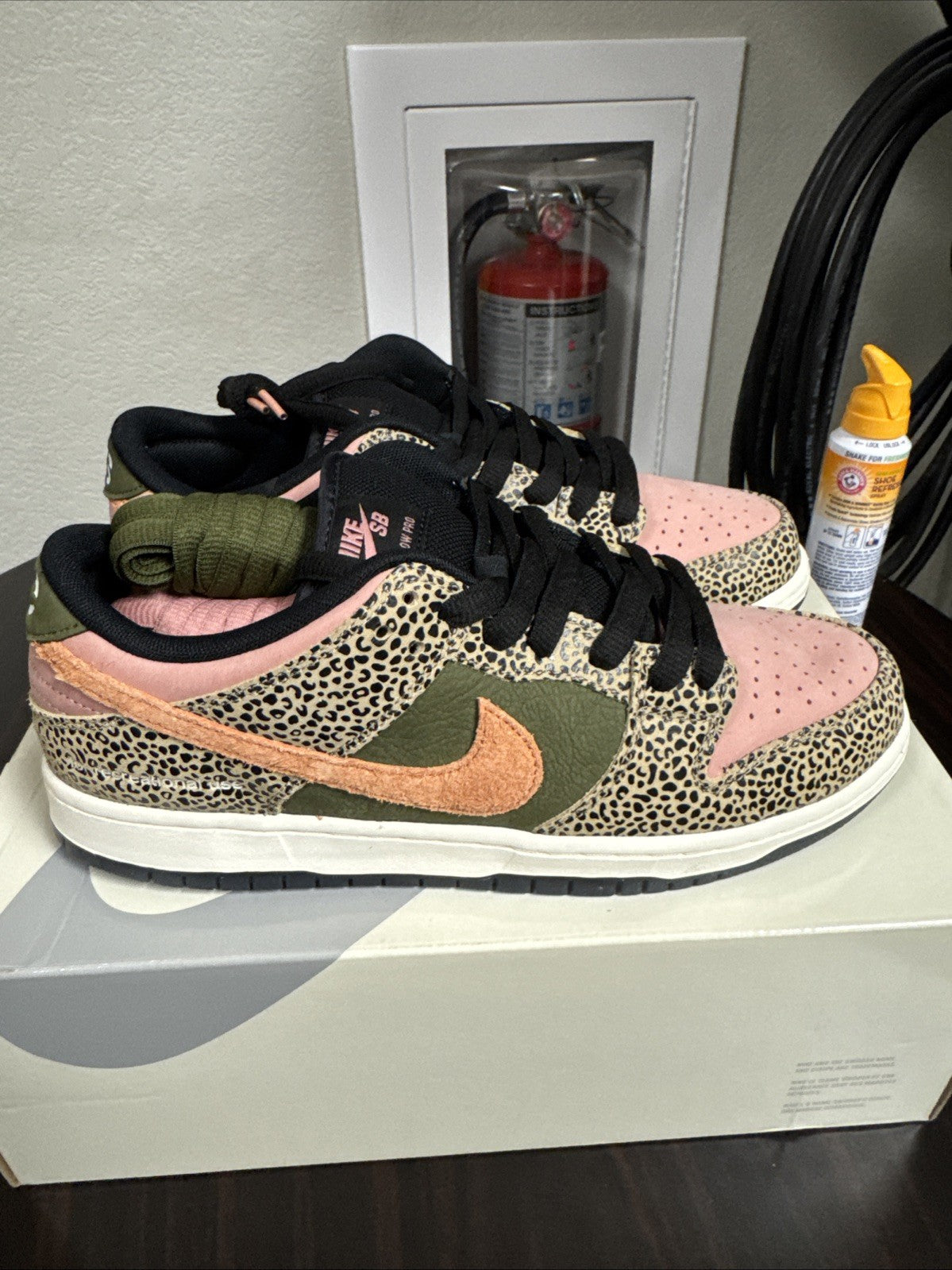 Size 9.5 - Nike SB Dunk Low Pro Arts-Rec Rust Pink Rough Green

==

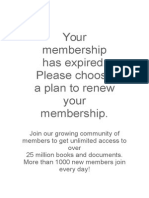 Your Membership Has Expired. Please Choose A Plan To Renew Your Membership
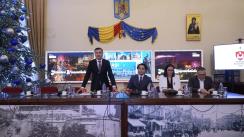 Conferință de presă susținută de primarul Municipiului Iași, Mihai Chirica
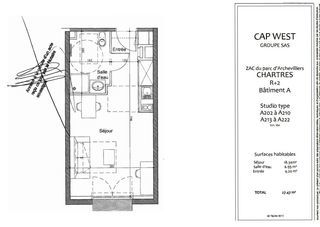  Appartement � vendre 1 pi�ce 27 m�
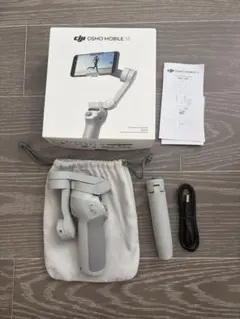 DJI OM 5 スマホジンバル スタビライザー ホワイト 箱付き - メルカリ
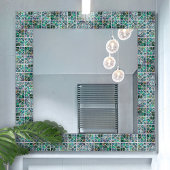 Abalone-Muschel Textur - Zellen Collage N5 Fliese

...

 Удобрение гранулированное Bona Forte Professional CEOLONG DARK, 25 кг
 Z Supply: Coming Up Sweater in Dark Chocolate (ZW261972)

→ What the exercise asks: In your answer, include only the lines above starting at the line that holds "Удобрение гранулированное Bona" and ending at the line that holds "Z Supply: Coming", copied exactly.

→ Your response:
 Удобрение гранулированное Bona Forte Professional CEOLONG DARK, 25 кг
 Z Supply: Coming Up Sweater in Dark Chocolate (ZW261972)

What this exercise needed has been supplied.